February 23, 2004 · Filed Under Mariners · Comments Off on  

Sooooooo Pocket Lint wrote a fine article that ran Sunday. And by fine I mean it also does a great job showing exactly how amazingly clueless the M’s management is.

The Mariners say they would have jumped in, spikes up, if they had known the Texas Rangers would be so generous in getting rid of the former Seattle shortstop.

Asked if Seattle would have gone after Rodriguez, Mariners president Chuck Armstrong called it “a no-brainer.”

Okay, one, you can’t jump into something spikes up unless you’re taking a header.

But here’s the point: Rodriguez almost went to the Red Sox. Clearly, he was available. I can’t believe they were so busy negotiating Ron Villone’s deal that nobody in the front office could have called the Rangers up to say “Hey, sorry the Red Sox deal fell through. We might be willing to take on his contract without dumping another on you… what do you need to make a deal?”
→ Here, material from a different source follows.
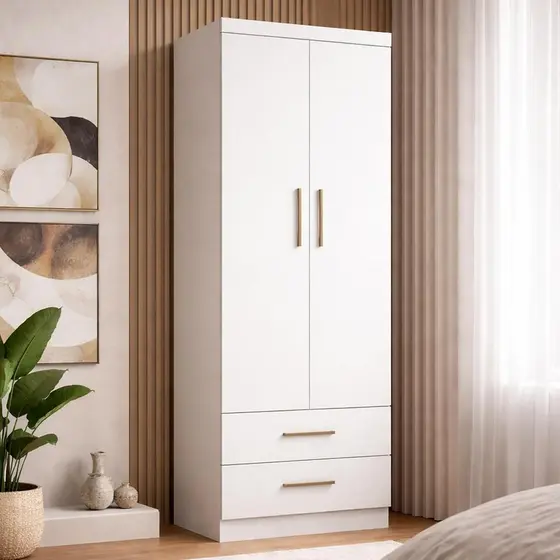 Guarda Roupa Infantil Chiara 2 Portas Branco - Phoenix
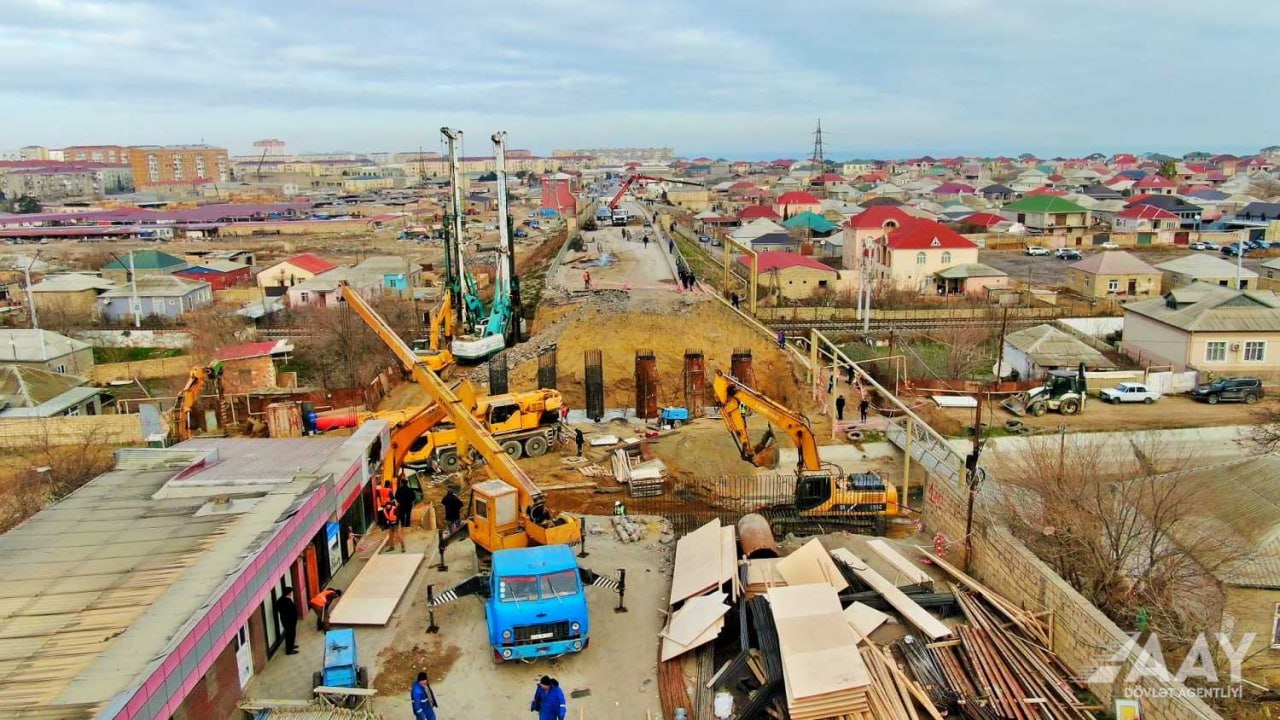 Saray körpüsünün tikintisi BU TARİXDƏ başa çatacaq – RƏSMİ/VİDEO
This is crazy. Armstrong later says that their reports were that the Rangers… reports? They read the paper? No one called and asked? Did their calling card run out of minutes?

“We offered him more than that, in terms of salary,” said Seattle CEO Howard Lincoln of the short-circuited negotiations to keep Rodriguez after the 2000 season.

Now, no one outside of the M’s is really privvy to what went on, but if you followed the story you know that the M’s did not offer more than *Alex will be paid* in terms of salary, and they certainly weren’t anywhere near on guaranteed years, and they didn’t like the escalator clauses either. Finnigan shockingly does mention this: that the M’s offer was 5/$95 ($19m/year). While strictly speaking Lincoln may be correct, from Alex’s side it wasn’t remotely close.

Finnigan also repeats this gem:

One old, but unconfirmed story is that Boras, who was unavailable to comment, recommended the club shorten its offer, so that his player would not be tied up so long and have a chance at a subsequent contract.

Here’s a thought: if it’s unconfirmed, don’t write it. This is beyond rumor mongering, and just a cheap shot.

Then he lionizes Lincoln for predicting the demise of the Rangers:

Lincoln also was prophetic when he added, “I think it is impossible to field a winning team when you pay a player as much as Texas is paying Rodriguez.”

That’s not the problem. Alex’s contract has never been the problem in Texas: it’s been everywhere else they spent money stupidly, from Chan Ho Park on down. They’re not a losing team because they overpaid the best player in the game, they’re a losing team because they’re crap. Perpetuating the easy myth that Alex’s contract hurts the Rangers helps the Mariners because they can use it as a cover for not pursuing or signing top-tier free agents.

Plus the news that the M’s might be after Alfonso Sorianio, who we now know is 28 and has probably peaked already, a deeply flawed hitter with a lot of potential who Ks all the time, as a possible center fielder. Soriano would be like Mike Cameron with 15 more HRs and no defense. Who could resist such temptation?